== Directions ==
For the entries below, copy exactly the line that contains "Assorted Short Sleeve" through the line that contains "OEM Electric Gasoline", both ends included, and exclude all pictures.

== Entries shown ==
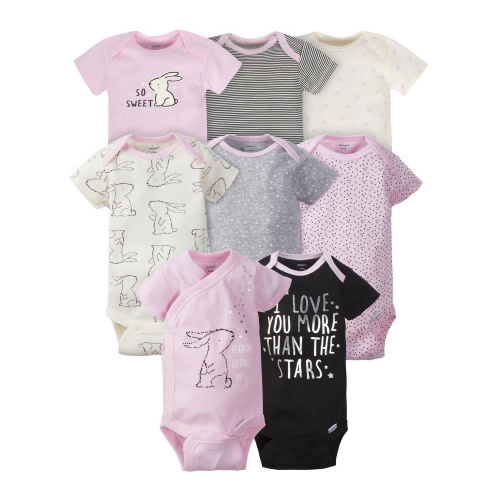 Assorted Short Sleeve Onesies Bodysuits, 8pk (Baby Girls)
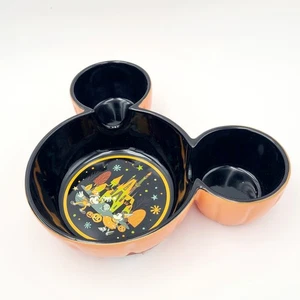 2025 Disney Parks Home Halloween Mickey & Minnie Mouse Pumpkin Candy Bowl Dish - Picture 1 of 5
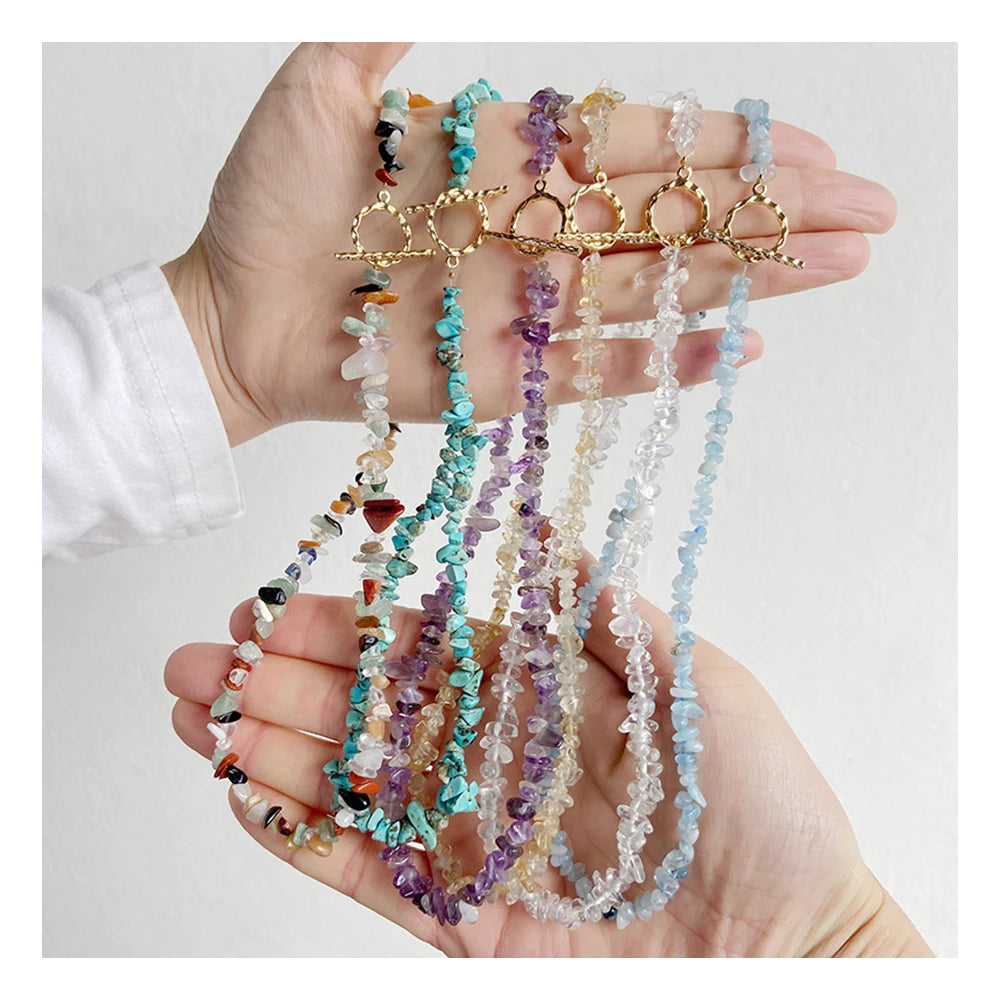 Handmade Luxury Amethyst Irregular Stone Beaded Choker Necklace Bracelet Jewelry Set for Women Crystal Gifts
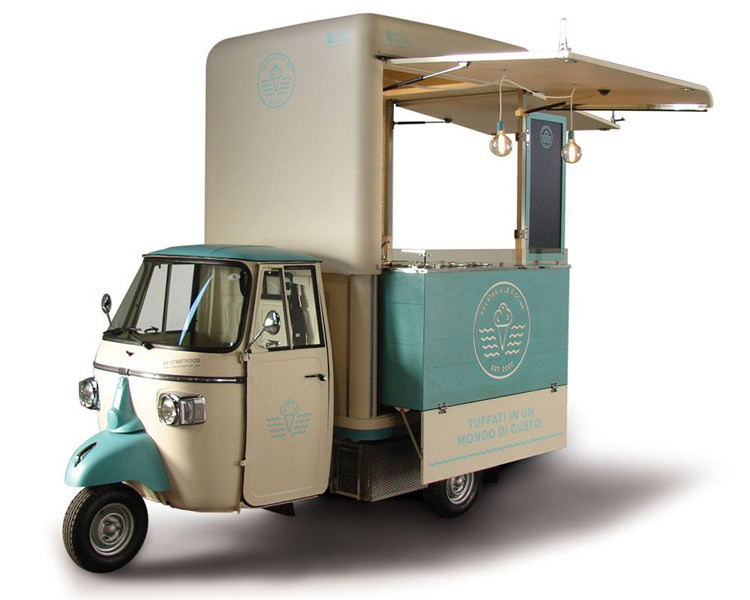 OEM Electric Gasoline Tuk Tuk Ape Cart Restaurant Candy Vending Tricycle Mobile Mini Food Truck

---

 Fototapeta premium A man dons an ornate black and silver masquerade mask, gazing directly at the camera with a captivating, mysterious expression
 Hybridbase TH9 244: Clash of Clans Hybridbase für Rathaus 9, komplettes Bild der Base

== Solution for this problem ==
 Assorted Short Sleeve Onesies Bodysuits, 8pk (Baby Girls)
 2025 Disney Parks Home Halloween Mickey & Minnie Mouse Pumpkin Candy Bowl Dish - Picture 1 of 5
 Handmade Luxury Amethyst Irregular Stone Beaded Choker Necklace Bracelet Jewelry Set for Women Crystal Gifts
 OEM Electric Gasoline Tuk Tuk Ape Cart Restaurant Candy Vending Tricycle Mobile Mini Food Truck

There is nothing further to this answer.